I was placed in judges’ chambers during my internship, which allowed me to discuss matters with Chief Judge Lowndes and ask specific questions relating to the matters that his Honour was presiding over. It was great to hear first-hand how the Chief Judge dealt with the day to day functioning of the court and exposed me to the many competing interests and commitments his Honour had to balance and juggle outside of the courtroom. The other judges were also very welcoming and happy to share their experiences. I completed engaging research tasks, including one about the Mental Health List presided over by the Chief Judge and another relating to criminal provisions dealing with culpability for dangerous driving. These tasks enabled me to expand my legal research skills and tailor them to deliver clear and concise information. I also observed many different courtrooms and lists, which gave me practical exposure to civil and criminal procedure and enabled me to identify effective advocacy styles.
I was fortunate enough to attend circuit court to Jabiru and Oenpelli (Gunbalanya) for three days. Being in community in West Arnhem Land was a privilege. We travelled in a small plane as the roads were flooded due to the wet season, which was a surreal experience, however it simultaneously highlighted an access to justice issue that many Aboriginal people in remote communities must face. Some of the courts in community are inaccessible by car in the wet season and thus can be extremely expensive to access via plane, resulting in non-attendance and warrants being put out for arrest. Despite this, attending circuit court was a great opportunity to see how sentencing can be tailored to each community, ensuring that rehabilitation is localised to prioritise long-term, positive outcomes.
I also had an opportunity to go to Injalak Arts in Gunbalanya, a non-profit Aboriginal-owned social enterprise. It was great to speak to the artists working at the centre about their weaving and painting methods, including the stories they are allowed to represent depending on their clan and specific area of country.

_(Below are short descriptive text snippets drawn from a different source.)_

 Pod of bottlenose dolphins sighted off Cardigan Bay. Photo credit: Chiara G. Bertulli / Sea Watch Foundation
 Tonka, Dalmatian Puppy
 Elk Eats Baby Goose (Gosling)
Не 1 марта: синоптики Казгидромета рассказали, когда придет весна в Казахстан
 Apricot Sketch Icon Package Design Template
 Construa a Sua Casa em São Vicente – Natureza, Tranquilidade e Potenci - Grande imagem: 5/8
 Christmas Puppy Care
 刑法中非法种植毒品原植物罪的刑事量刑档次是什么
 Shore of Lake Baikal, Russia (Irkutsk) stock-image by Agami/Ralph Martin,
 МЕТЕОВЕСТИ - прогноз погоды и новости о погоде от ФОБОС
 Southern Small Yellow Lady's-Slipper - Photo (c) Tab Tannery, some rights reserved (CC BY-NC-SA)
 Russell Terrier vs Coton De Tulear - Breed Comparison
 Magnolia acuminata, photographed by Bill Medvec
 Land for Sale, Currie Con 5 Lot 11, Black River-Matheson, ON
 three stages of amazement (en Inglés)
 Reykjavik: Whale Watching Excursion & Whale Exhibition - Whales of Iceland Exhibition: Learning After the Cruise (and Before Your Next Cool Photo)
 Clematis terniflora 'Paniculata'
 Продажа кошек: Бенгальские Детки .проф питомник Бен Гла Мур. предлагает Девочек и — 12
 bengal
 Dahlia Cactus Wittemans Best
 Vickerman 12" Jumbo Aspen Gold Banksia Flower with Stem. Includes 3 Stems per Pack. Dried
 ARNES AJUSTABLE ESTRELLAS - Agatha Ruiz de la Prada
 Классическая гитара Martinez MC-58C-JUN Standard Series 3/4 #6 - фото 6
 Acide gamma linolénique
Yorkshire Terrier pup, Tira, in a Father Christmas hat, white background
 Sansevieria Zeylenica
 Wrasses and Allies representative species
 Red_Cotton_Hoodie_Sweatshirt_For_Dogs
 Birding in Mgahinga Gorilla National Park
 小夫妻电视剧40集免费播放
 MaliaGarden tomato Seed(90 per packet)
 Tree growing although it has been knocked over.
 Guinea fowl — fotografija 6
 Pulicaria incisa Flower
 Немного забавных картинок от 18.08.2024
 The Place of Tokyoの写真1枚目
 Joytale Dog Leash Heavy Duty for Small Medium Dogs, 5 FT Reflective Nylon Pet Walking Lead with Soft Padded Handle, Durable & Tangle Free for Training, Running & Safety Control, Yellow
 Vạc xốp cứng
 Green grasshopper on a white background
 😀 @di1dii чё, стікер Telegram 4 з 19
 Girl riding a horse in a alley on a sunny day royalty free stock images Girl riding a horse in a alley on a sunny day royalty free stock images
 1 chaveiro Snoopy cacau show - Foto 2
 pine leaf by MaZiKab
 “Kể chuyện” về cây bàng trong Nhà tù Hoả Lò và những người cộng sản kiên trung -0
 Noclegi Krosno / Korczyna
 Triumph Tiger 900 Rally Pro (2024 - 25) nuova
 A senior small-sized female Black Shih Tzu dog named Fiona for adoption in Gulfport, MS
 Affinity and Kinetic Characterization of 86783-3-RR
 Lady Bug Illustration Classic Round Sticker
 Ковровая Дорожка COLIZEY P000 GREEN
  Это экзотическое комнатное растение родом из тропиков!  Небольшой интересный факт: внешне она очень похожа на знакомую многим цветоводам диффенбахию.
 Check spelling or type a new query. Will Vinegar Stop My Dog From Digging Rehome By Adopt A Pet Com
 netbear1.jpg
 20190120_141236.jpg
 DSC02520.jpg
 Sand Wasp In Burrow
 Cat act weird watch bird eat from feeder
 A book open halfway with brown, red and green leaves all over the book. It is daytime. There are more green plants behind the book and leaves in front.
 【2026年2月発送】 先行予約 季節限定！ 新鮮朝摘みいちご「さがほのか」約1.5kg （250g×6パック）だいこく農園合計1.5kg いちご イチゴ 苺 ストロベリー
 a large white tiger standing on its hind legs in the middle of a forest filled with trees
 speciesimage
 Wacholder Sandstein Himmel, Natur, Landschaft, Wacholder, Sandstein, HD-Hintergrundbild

Attending the Youth Justice Court was quite confronting at times, especially when observing the Child Protection List. Whilst the presiding judge was explaining the process to me, I was shocked to hear how little resources are allocated to ensure stability and rehabilitation for vulnerable children. It was also very interesting from a legal perspective to observe how court procedure changes during the process, as it often included three representatives from Territory Families (CEO, case worker, counsel) and up to two other lawyers representing the parents. Despite the entrenched nature of many of the cases, it was heartening to see the passion involved in the Child Protection process from all parties, especially the Judge, and a strong focus on gaining consistent care and possibilities for reunification.
Darwin in the wet was great, despite hearing ‘you should come in the dry’ daily! The working environment is very supportive and inspiring, with many young professionals from all over Australia who had different stories and career paths. It was great to speak to lawyers from bodies such as NAAJA, NLC, Legal Aid and Territory Families to realise that every journey to the NT had been so different and diverse.
Darwin is full of great food and markets, including the famous Laksa at Parap markets and the fresh produce at Rapid Creek. It was great to experience some of Australia’s history by visiting the WW2 tunnels to learn about what occurred in Darwin during the war. I also visited Litchfield with friends as a day trip, swimming at Florence Falls and Buley Rockhole. The water was extremely clear and fresh and most importantly, croc-free (at the time).
Everybody at the LCNT and in Darwin was so welcoming and willing to share their experiences, giving up their time to chat to me. I would highly recommend an Aurora internship and encourage anyone considering it to apply. My time at the LCNT definitely gave me invaluable experience that I could not gain through law school.